Chennai Petroleum Corporation Limited (CPCL) has written to the Petroleum and Natural Gas Ministry seeking allocation of entire KG-D6 crude oil production for the Cauvery Basin Refinery (CBR) at Nagapattinam in order to sustain CBR operations and achieve increased capacity utilisation.

In a letter to the Petroleum Ministry, CPCL has also sought assistance of the Ministry for resuming supply of PY-3 crude. The company has CBR at Nagapattinam with a crude thruput capacity of one million tonnes per annum. CBR is a simple topping refinery and, hence, has been operating at only about 60 per cent capacity due to non-availability of suitable ultra low sulphur crude. CBR has been processing Narimanam, PY-03, KG-D6 (RIL) and Rawa crude.

Due to berthing restrictions and tankage limitations, imported crude cannot be brought to CBR. Narimanam crude is normally available to the extent of 20 tonnes (max) a month and PY-03, 13 tonnes (max) a month. However, PY-03 production had been stopped since August 2011 due to certain statutory and licensing issues.

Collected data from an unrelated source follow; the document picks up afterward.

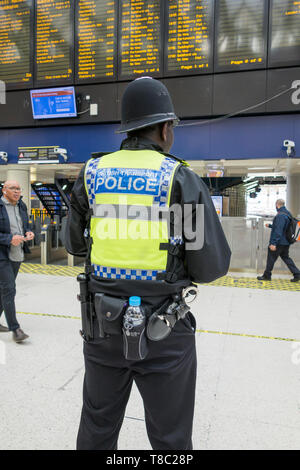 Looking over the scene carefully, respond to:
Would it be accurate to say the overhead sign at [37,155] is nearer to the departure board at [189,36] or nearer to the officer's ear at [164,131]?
A: the departure board at [189,36]

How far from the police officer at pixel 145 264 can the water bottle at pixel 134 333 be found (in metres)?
0.04

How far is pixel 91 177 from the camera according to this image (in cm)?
141

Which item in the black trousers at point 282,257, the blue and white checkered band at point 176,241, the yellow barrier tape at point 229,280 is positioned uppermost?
the blue and white checkered band at point 176,241

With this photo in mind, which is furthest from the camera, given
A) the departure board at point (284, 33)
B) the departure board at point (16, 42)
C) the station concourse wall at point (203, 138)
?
the departure board at point (16, 42)

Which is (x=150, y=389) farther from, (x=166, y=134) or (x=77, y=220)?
(x=166, y=134)

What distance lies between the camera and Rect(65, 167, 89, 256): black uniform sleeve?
150 cm

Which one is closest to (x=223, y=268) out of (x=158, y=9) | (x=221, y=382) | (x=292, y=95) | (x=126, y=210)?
(x=126, y=210)

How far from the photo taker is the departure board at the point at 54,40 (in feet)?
24.8

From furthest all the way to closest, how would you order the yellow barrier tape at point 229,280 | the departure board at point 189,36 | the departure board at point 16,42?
the departure board at point 16,42
the departure board at point 189,36
the yellow barrier tape at point 229,280

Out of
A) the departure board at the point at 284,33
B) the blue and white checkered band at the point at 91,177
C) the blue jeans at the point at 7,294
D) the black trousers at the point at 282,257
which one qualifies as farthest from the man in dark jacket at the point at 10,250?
the departure board at the point at 284,33

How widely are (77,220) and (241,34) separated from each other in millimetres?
6563

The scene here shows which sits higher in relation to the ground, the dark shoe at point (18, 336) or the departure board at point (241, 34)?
the departure board at point (241, 34)

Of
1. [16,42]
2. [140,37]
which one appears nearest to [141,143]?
[140,37]

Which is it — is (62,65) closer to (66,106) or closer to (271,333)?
(66,106) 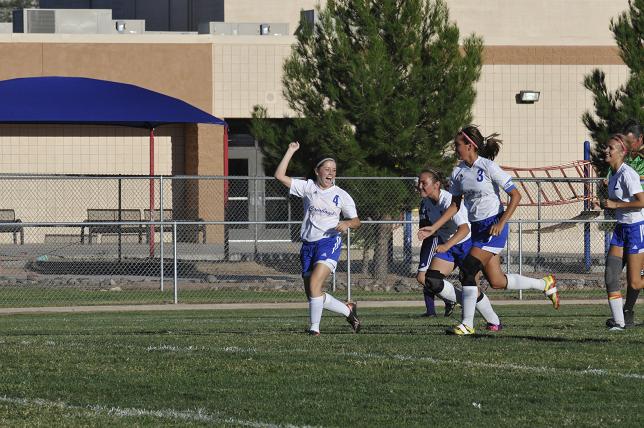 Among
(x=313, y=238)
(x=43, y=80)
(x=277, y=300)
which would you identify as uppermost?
(x=43, y=80)

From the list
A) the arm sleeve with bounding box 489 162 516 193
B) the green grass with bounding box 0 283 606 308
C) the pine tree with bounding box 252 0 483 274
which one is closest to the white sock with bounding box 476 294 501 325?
the arm sleeve with bounding box 489 162 516 193

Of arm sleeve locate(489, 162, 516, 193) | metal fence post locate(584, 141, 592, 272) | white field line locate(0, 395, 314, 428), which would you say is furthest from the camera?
metal fence post locate(584, 141, 592, 272)

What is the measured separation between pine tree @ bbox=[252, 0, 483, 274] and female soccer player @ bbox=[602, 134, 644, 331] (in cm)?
1186

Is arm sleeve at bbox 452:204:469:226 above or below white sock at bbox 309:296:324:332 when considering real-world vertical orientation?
above

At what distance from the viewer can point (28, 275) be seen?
24.3 meters

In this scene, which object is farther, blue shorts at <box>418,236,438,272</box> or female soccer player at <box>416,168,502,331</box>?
blue shorts at <box>418,236,438,272</box>

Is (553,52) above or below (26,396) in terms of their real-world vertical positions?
above

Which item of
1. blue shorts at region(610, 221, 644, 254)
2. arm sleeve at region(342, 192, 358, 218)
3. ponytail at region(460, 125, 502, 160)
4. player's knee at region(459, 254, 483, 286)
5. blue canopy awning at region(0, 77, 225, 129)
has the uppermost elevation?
blue canopy awning at region(0, 77, 225, 129)

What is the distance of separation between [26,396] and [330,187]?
4.80 meters

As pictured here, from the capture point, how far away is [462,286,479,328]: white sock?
12.0 metres

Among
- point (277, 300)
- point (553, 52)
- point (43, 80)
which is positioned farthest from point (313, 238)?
point (553, 52)

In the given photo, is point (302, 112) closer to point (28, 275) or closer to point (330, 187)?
point (28, 275)

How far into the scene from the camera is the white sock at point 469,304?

The letter states that CPCL has been procuring KG-D6 crude from Reliance since 2009 and was able to achieve 700 tonnes of crude processing during 2010-11. However, in 2011-12, CBR could achieve only 580 tonnes of crude thruput due to reduced availability of KG-D6 crude on account of sharing of the same with Hindustan Petroleum Corporation Limited (HPCL). RIL has projected a production rate of 30-35 tonnes a month which is sufficient only to meet CBR requirement and, hence, the entire KG-D6 crude needed to be allocated to CPCL, it said.

It has also urged the Petroleum Ministry to hasten the process of appointment of independent directors which has been hanging fire for a long time.

As per Clause-49 of the Listing Agreement (SEBI guidelines) and guidelines issued by the Department of Public Enterprises, CPCL should have at least 50 per cent of its directors as independent directors.

In line with the guidelines, CPCL should have 8 independent directors apart from other directors — managing director, 3 functional directors, 2 directors, representing NIOC and 2 directors, representing IOCL.

However, the present strength of independent directors is three.